Data for review:
———
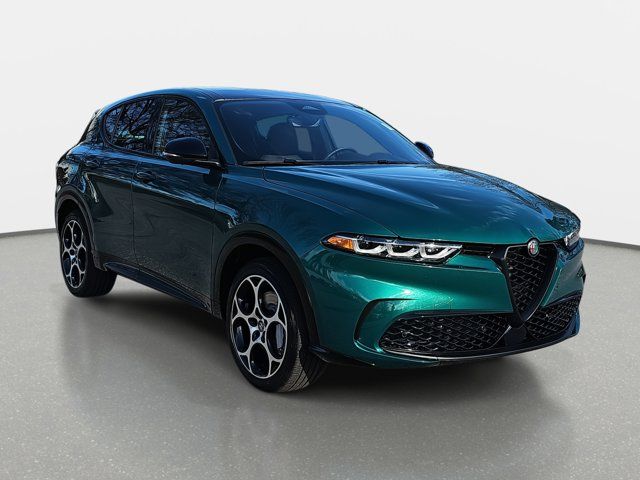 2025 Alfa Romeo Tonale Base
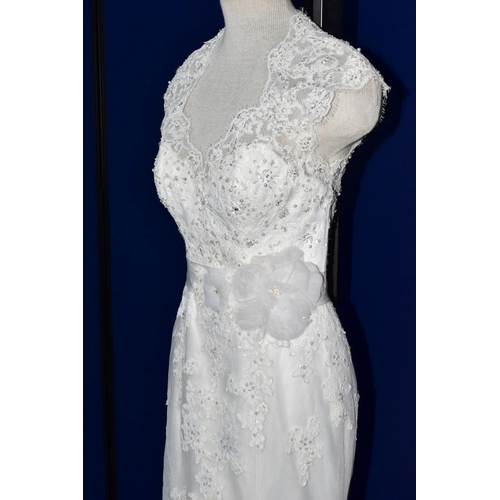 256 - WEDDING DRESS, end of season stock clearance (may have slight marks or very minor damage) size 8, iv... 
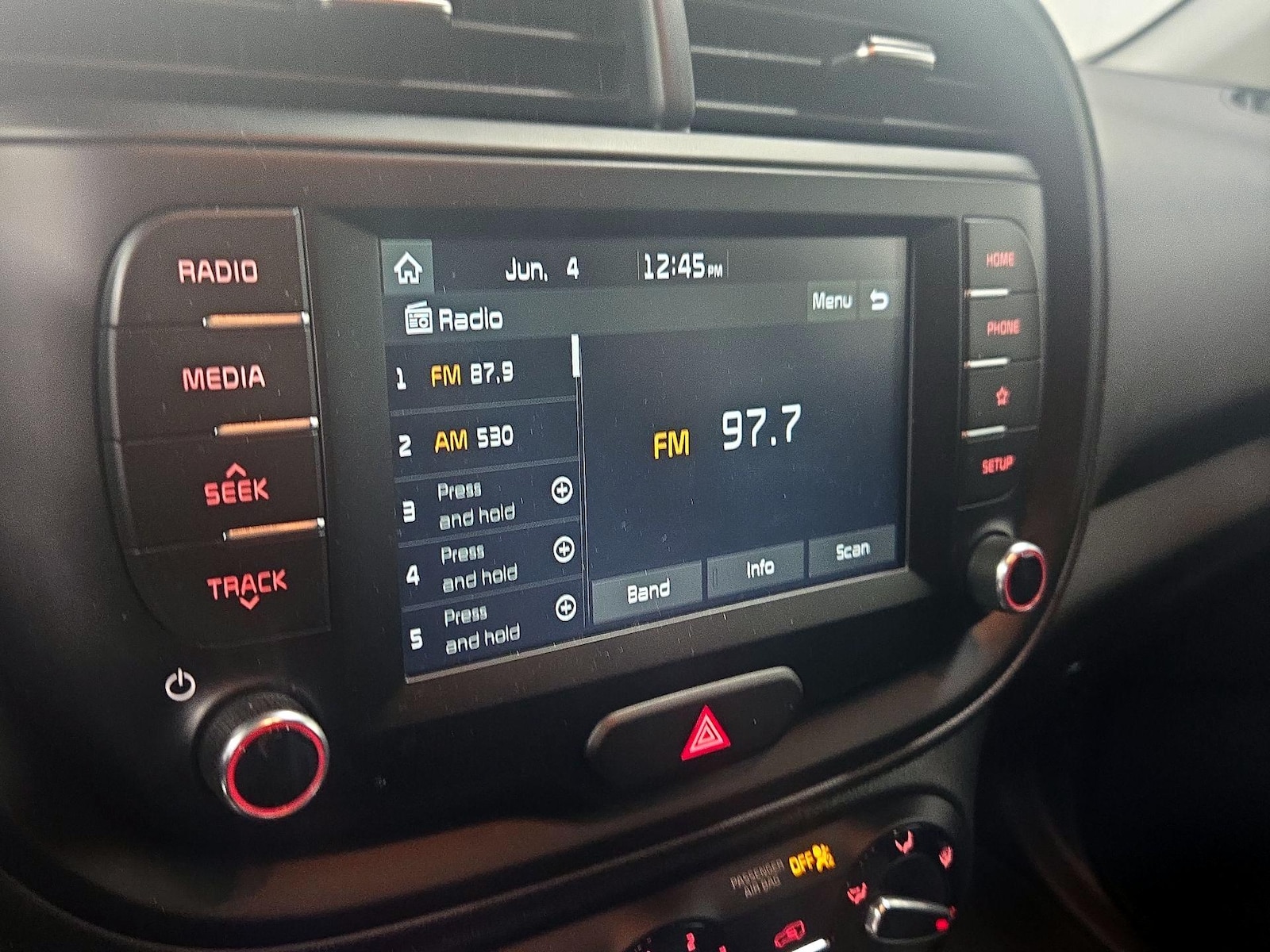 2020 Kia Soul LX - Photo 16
———
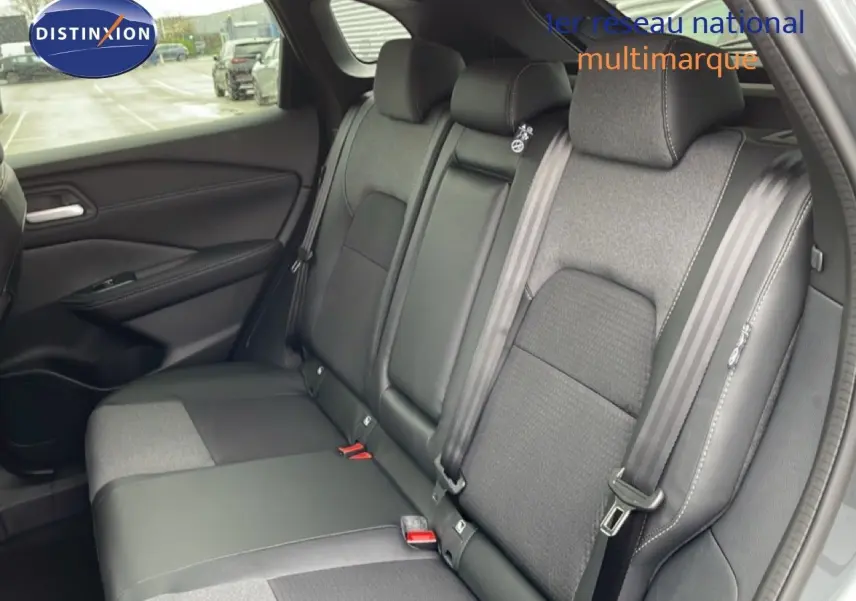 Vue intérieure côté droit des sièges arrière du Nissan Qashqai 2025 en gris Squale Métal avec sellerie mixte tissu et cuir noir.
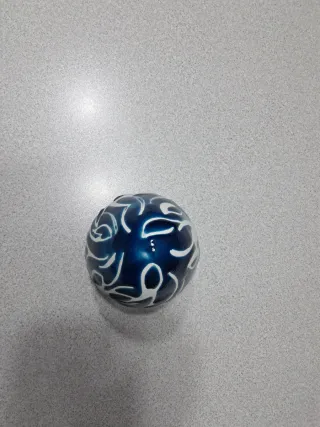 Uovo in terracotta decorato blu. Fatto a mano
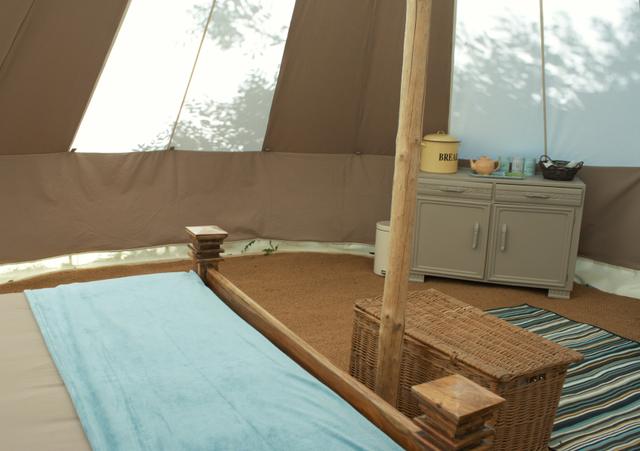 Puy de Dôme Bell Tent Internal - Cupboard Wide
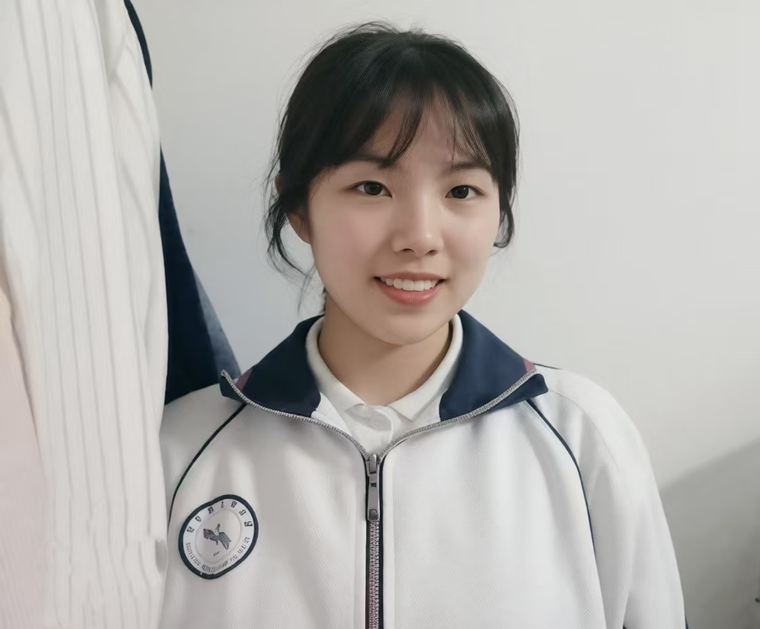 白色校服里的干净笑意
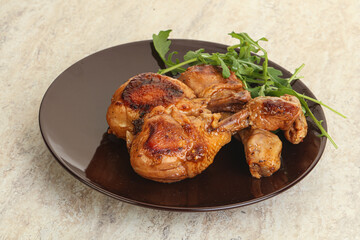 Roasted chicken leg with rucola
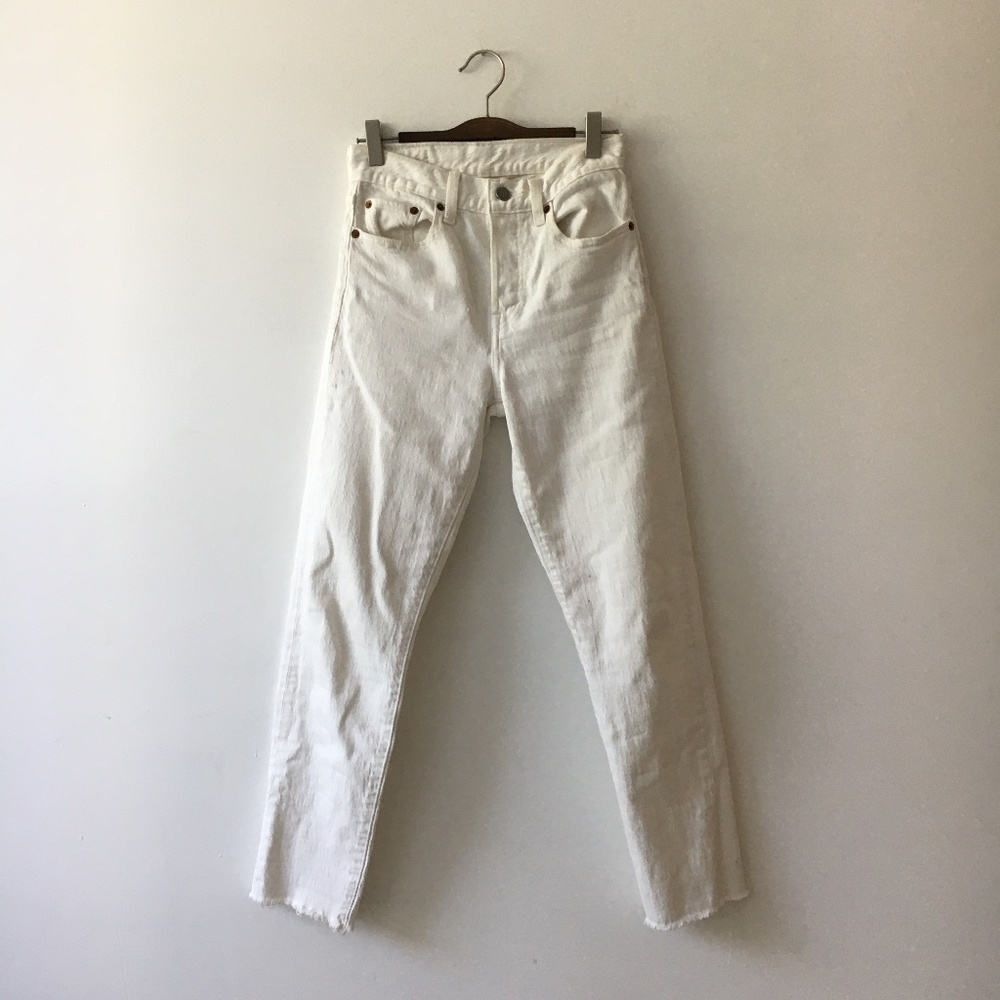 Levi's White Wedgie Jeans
———
Work to complete: Output exactly the lines above, beginning at the one with "Uovo in terracotta" and stopping after the one with "Levi's White Wedgie Jeans". Pictures are to be omitted.

Written solution:
 Uovo in terracotta decorato blu. Fatto a mano
 Puy de Dôme Bell Tent Internal - Cupboard Wide
 白色校服里的干净笑意
 Roasted chicken leg with rucola
 Levi's White Wedgie Jeans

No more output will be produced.